Patrick's little gang had, of course, immediately slipped away when they saw what was coming.
This I think was about November 21. The entire army soon after arrived and took position behind the Rappahannock, a wide, undulating plain for the most part stretching between our lines and the river itself. Longstreet took the left and Jackson the right; the former's most important point being the stone wall and sunken road at the foot of Marye's Hill.
Looking back at the situation, it seems surprising that we did so little in the way of defensive field-works. The enemy in great masses were crowding the Falmouth Hills, and we knew intended to cross and strike us. But yet we contented ourselves with the little stone wall (which proved helpful), and two or three tiers of light trenchwork extended on the slope of the hill behind and on our left.
The like observation applies to Jackson, whose lines were above the same as ours in strength, except the stone wall.
Later in the war such a fault could not have been found. Experience had taught us that to win, we must fight; and that fighting under cover was the thing to keep up the army and beat the enemy. He knew it, too, and practised it, so later on veterans no sooner got to facing each other than they began to dig, if ever so little; a little trench, a tiny hillock is often a very helpful defense and protection.

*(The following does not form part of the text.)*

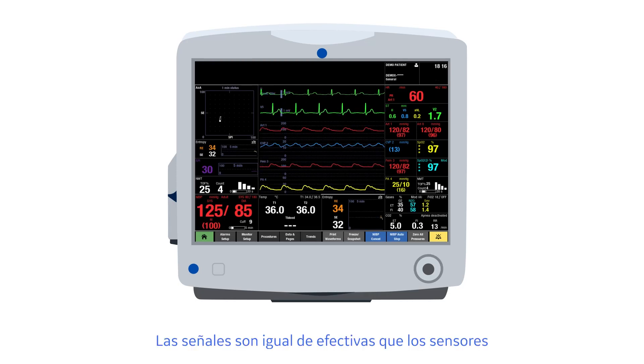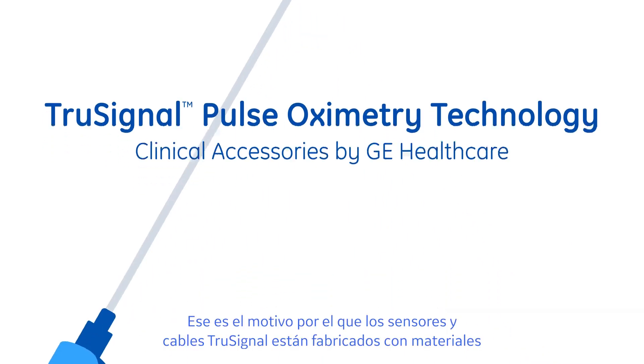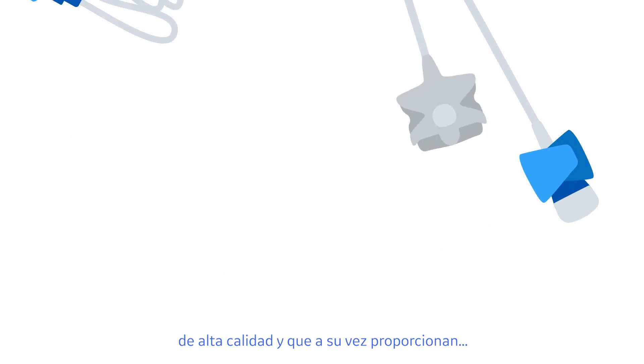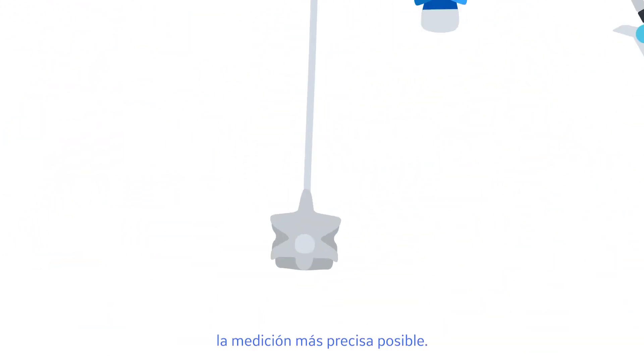Signals are only as good as the sensors and cables that connect them to the patient monitor. That is why true signal sensors and cables are made with high quality material that resist fraying and kinking, which in turn provides the most accurate measurement possible.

The march to Fredericksburg in bad weather and over almost bottomless roads had caused great suffering to the men and some losses among the animals. It was then that Longstreet told his men of an expedient that as an old soldier he had often resorted to. "Rake," he sent word to the men, "the coals and ashes from your cooking fires and sleep on that ground; it will be dry and warm." And so it proved. Also, there being many barefooted men, "Take the rawhides of the beef cattle, killed for food; cut roughly for a moccasin-like covering for the feet, and there you are with something to walk in. "But this did not go. The foot-wear had nothing like soles of stiffening, and in the mud and icy slush of the Virginian roads the moist, fresh skins slipped about as if on ice. The wearers, constantly up or down, finally kicked them aside and took the road as best they could, barefooted or wrapped with rags or straw. Richmond did its best to supply, but there was always trouble for want of shoes. Great quantities were run in from England by blockade, but they were worthless, shoddy things that might be done for in a day's use. I once wore a pair of them, and in a single day of wet and mud the cheats came to pieces and developed bits of paper and odds of leather things, where should be good, strong, well tanned cow skin.
It is said that our friends, the enemy, across the lines fared badly as well in shoddy, and that too from their own neighbors and countrymen.
It was awfully nasty work getting down to that stone wall for giving orders or receiving information, the way swept by the enemy's volume of fire over every foot. Once at the wall it was fairly snug, but the coming back was still worse, and one drew a long breath on emerging safely from the deadly fusilade.
We could only manage it on foot by making short rushes from point to point, affording perhaps some little cover. It was on such a duty that my friend Lord King was killed. He was A. D. C. to McLaws, of the family of Kings of southern Georgia.
The ranking major-general of our corps was L. McLaws, his division made up of Georgians, Mississippians, and South Carolinians. He was an officer of much experience and most careful. Fond of detail, his command was in excellent condition, and his ground and position well examined and reconnoitered; not brilliant in the field or quick in movement there or elsewhere, he could always be counted on and had secured the entire confidence of his officers and men.